Yakın zamana kadar Çin'in ekonomik kalkınması; yatırım stratejisi ve GSYİH büyüklüğü açısından değerlendirildi. Bugün, insani gelişme gibi yeni gelişim alanlarına değinmek pek mantıklı değil. Çin, hâlen daha kaliteli bir ekonomi ile kendi tüketimini ve emek ücretlerini aşan GSYİH'sine katkıda bulunmak için iç yatırım çekmeye ihtiyaç duyuyor. Küresel liderlerden biri olma tutkusu özellikle gelişmekte olan ülkeler için, fırsatlar ve rekabetlerde karşılıklı etkileşim yaratmaktadır.
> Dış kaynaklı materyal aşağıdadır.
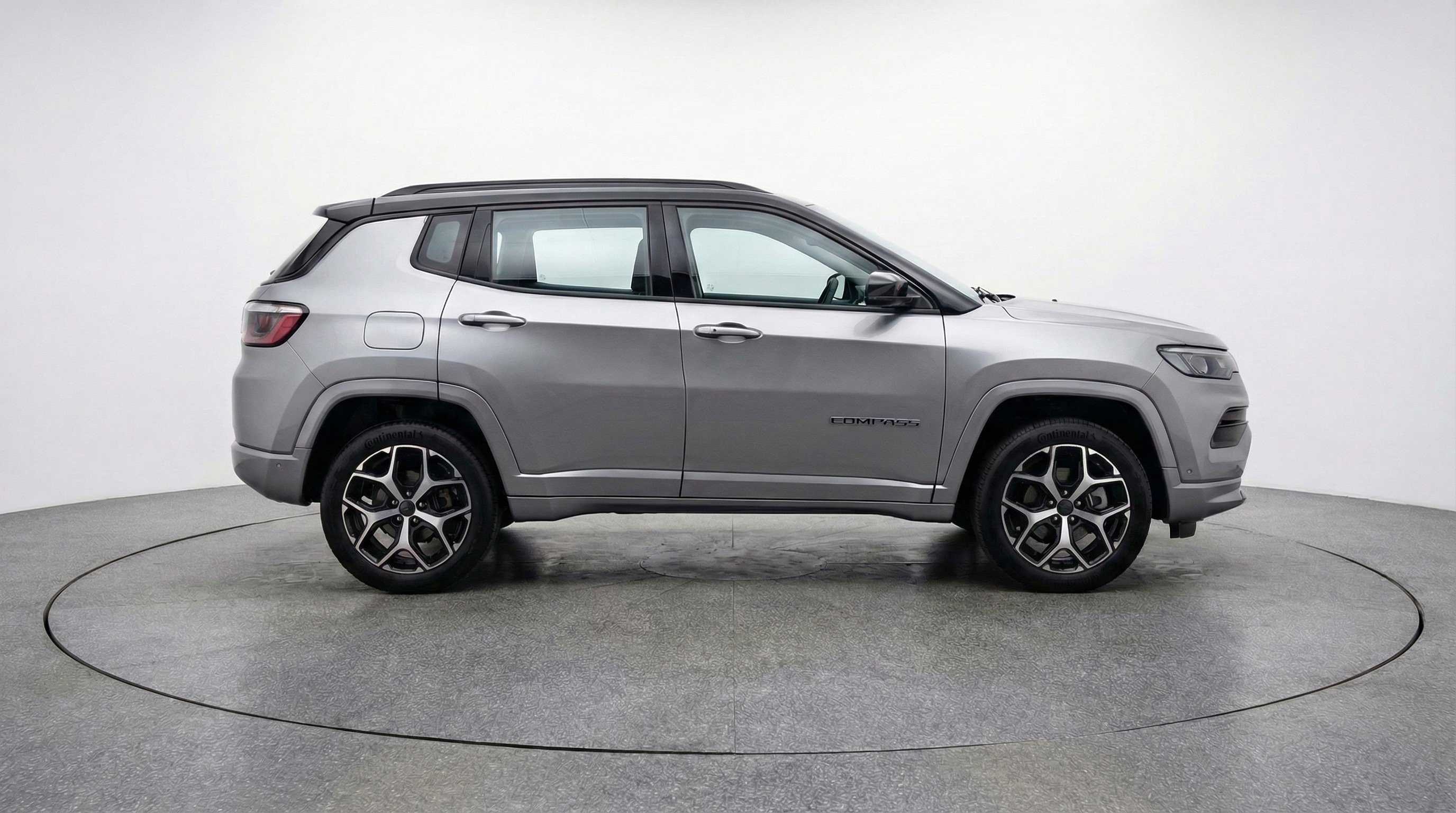 Used 2025 Jeep Compass Limited image 11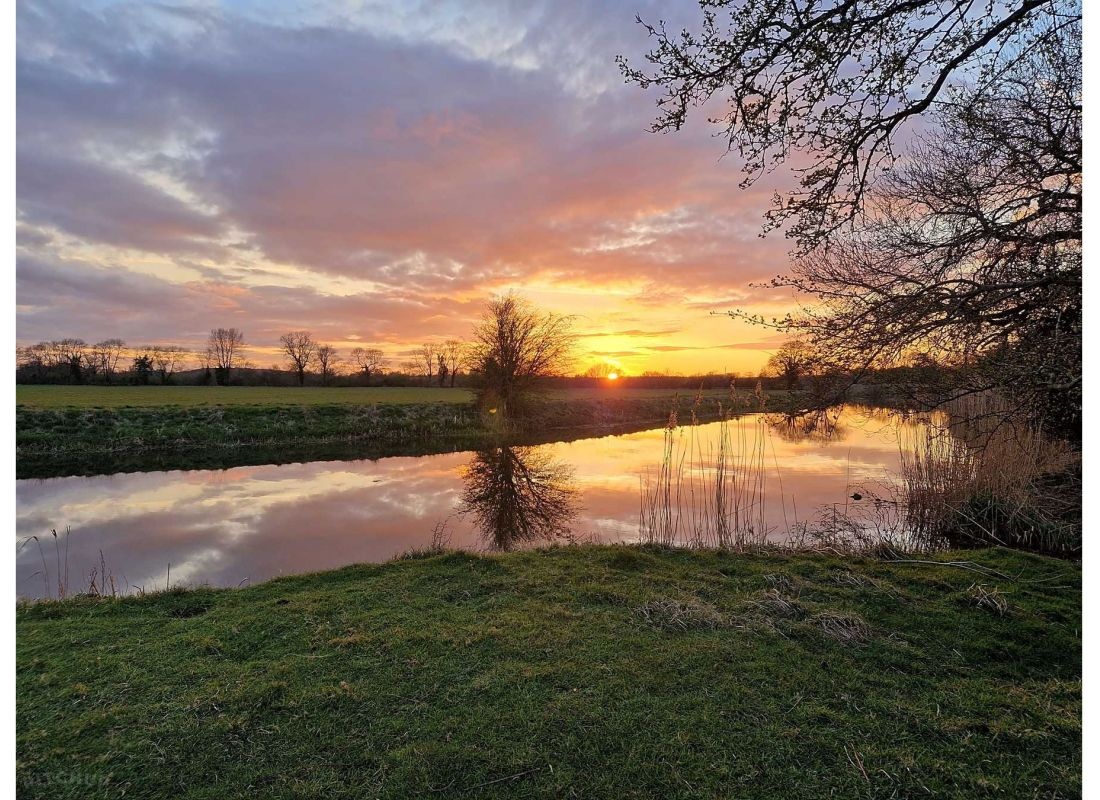 Fotheringhay Castle Farm Campsite — Sítio de acampamento in 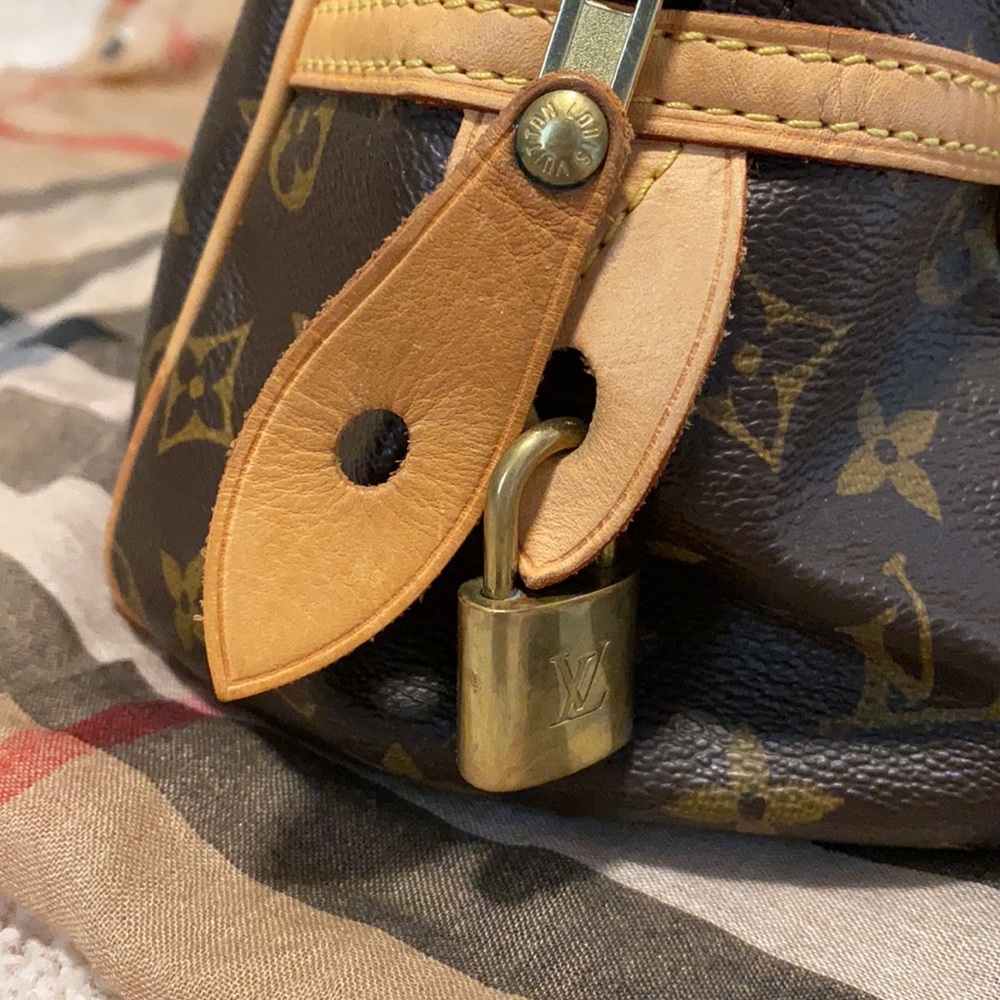 Authentic Louis Vuitton Montorgueil monogram - Picture 11 of 16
Şu anda Çin'in katkısı küreselden daha çok bölgeseldir. Altyapı çalışmalarına yatırım, sorgulanabilir bir gelişim yoludur. Çin, özellikle yurtdışından gelen enerji üzerine yoğun bağımlılığı nedeniyle er ya da geç yeni bir tedarik zincirine katılmak zorunda kalacaktır. Diğer taraftan siyaset yapıcılar için bir çıkmaz yol yaratan işsizlik problemi için atılım gerekmektedir. Çin, Kuşak ve Yol inisiyatifi ile önceliklerini siyasi işbirliği, altyapı projeleri ile bağlanma, finansal entegrasyon, yeni ticaret bağlantıları, insan mübadelesi, teknoloji ve ar-ge çalışmaları olarak deklare etmiştir. Bu bağlamda, küresel çaplı kuruluşlar kadar bölgesel anlamda da ne ifade ettiğinin anlaşılması için fırsatlar ve rekabetler analiz edilmelidir. Yatırım trendleri çok taraflı olmaktan ziyade iki taraflı olduğundan, ortak karşılıklılık stratejileri, evrensel değerlerde modern yönetim çerçevesi ve uluslararası iş prensipleri ile ilgilenmek amaç olarak görülebilir.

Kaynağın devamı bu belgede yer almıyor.